Friday, February 18, 2011

Glorious Friday!

This weather is sooooo wonderful! We have the sliding glass door open and some of the windows. I got upearly and jogged a bit ( not quite a mile) and started on chores.

I start the chores here. It takes 4 1/2 of these buckets of milk to get all the lambs satisfied. Then I go back 2 hours later and make sure that there is milk in their feeders. That usually takes 3 buckets. I am guessing that is 25 gallons of milk gone before lunch. In all. we are topping over 50 gallons of milk a day.

Seth and I did some pasture work this morning. He used the chainsaw to work on clearing out some scrub trees and cedars that are encrouching on the pasture. I took the old hose reel and used it to wind up about a mile of electric fence that we are not using anymore.
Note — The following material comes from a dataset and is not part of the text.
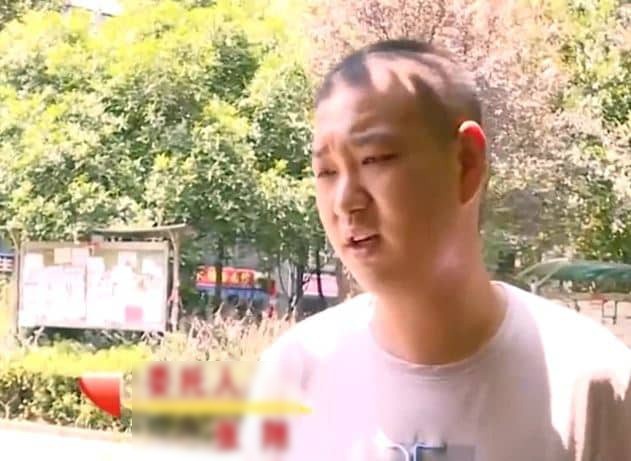 Gặp lại mẹ đẻ sau 13 năm đằng đẵng, chàng trai bị xua đuổi thậm tệ, lý do được tiết lộ khiến ai cũng đồng tình-1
We use Ruby, the old red Ford, for this kind of farm work. As I said before, the doors will not open from the inside. Sometimes, we have to pretend we are NASCAR drivers and go out through the window. Seth finally had enough of all that and made up his mind to take the door panels off and see what was in there. I figured that they couldn't get any more broken so I gave him my blessing. A couple of hours later with some baling wire and electrical tape, the doors open from the inside. Seth gave us all a stern lecture about being gentle with the doors.... no snatching the handles!

I am still bottle feeding the premature goat kid.

With a little help getting up, she was able to stand for a while and even take a few steps. She is still weak and wobbly but I have high hopes that she is going to be alright in the end. Her mother, on the other hand, is still my least favorite goat on the planet and will soon be relocating to someone elses' farm...... I was hoping that she would improve with age but she is still just a nut. Life is too short to put up with crazy goats.

As I went up to check the mailbox, I caught all of these guys napping.

This is a new paddock for them. I deliberately left all stock off of it so that it would still have "standing hay". It has been empty since September and it is not nearly as muddy as the other paddocks. This bunch is thoroughly enjoying it. I stored our supply of round bales in here near the gate. Seth and I had to rig up a small corral around the 6 remaining bales to keep the horses from tearing them all up. They have one in a bale feeder but it is so much more fun to tear up the open ones and make big comfy beds.......

Apparently my daughter is having freinds out for another bonfire tomorrow night. That means I need to spend some time on housework....... yuck! As I have often said...... I would rather skin a live cat than do housework!